MysteriousZoologist's avatar
Could you make an echidna beetle grub
thomastapir's avatar
Nah, that's this one here:
jbodwell80668's avatar
Ah! the great and elusive Platypillar,
hunted far and wide for delicious flesh and exquisite beauty as a mantelpiece.
thomastapir's avatar
So few preparers know the proper gloss treatment for the bill!
vasix's avatar
Heck, that is very odd, but I think we should go with....


flatbilled platypillar (the same thing!!!) and....Platygnatherpeton mirabilis!!! :)
GrimKarasu's avatar
What sort of sizes are we considering for this sort of organism? If large enough, this could potentially become a predator form, adapting its venomous spurs into the posterior tentacles. Prey walks underneath and is jumped. Terrifying.

Also, on that note, have you heard of Australian "drop bears"? The last specie of carnivorous koala.
thomastapir's avatar
re: size--Man, that's a good question. You know, it's really hard for me to say...I was thinking that the head is orthodox platypus-size, so if the body is proportional that would make it...I don't know, maybe 3'/1m long? I wasn't really thinking of this guy as a predator, but that's a really cool idea! If the paedomorphic "larval" form is maintained into adulthood, who knows what kind of crazy directions it might evolve in.

Ohhh, I have long experience with "drop bears"--I learned the hard way. That's why I always wear a Prussian helment when I'm out in the bush!
GrimKarasu's avatar
At least a metre, if we count the barbs/feelers. Creepy.
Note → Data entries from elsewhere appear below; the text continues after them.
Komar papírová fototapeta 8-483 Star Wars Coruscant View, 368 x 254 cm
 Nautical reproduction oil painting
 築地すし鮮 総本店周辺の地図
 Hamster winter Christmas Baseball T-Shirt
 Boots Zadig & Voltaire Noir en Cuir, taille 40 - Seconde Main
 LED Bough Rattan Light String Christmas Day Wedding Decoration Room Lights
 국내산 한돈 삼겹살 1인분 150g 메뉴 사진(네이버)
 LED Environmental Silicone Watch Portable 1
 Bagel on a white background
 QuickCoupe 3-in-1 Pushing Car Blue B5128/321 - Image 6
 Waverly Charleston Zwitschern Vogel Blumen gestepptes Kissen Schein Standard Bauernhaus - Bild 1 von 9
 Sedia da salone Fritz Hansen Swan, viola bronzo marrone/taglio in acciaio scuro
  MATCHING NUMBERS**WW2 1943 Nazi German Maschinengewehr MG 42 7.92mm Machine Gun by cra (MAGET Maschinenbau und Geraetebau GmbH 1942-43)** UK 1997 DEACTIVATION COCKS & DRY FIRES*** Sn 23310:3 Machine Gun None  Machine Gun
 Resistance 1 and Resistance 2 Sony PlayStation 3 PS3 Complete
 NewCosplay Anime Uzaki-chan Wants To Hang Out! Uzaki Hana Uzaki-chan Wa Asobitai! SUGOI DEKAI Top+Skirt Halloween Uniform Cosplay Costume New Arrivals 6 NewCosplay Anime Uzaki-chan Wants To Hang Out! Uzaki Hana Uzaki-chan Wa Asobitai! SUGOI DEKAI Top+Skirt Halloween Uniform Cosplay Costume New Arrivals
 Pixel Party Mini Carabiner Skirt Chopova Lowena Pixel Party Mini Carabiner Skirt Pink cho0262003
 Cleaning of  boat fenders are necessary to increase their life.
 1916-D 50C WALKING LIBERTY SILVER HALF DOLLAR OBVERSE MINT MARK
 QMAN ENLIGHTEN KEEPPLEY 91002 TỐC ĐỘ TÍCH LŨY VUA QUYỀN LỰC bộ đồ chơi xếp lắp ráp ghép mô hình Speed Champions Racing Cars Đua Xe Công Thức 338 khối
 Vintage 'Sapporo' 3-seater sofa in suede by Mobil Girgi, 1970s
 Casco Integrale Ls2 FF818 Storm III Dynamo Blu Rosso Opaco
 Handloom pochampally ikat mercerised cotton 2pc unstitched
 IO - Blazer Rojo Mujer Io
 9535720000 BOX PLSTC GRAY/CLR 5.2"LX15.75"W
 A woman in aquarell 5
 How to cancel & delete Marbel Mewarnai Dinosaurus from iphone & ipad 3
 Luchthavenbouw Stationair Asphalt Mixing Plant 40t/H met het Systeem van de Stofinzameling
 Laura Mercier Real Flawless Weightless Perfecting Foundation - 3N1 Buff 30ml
Well, if it stays the way it is, or even if it experiences neoteny, that's pretty cool. Buuuuut~...if it stays in keeping with the usual lepidopteran growth patterns, then the mature form...Giant. Platypus. Butterfly. Predator.

thomastapir's avatar
It will suck your blood--with a long, sticky proboscis!! All flesh is but flowers to them. :no:
GrimKarasu's avatar
What sort of cocoon would this thing have?
thomastapir's avatar
Man, that's a good question...How about something like a butterfly chrysalis, but huge, and covered with short brown fur? Now THAT would be creepy!
GrimKarasu's avatar
Or what if it curled up into a ball, and its cocoon was its wings? After so much time, the tissue would split into these two big, leathery, ragged wings...but nah, i'm thinking too much "bat" now...
thomastapir's avatar
No man, I could totally see it! There's obviously such radical transphyleticism going on here that just about anything is possible.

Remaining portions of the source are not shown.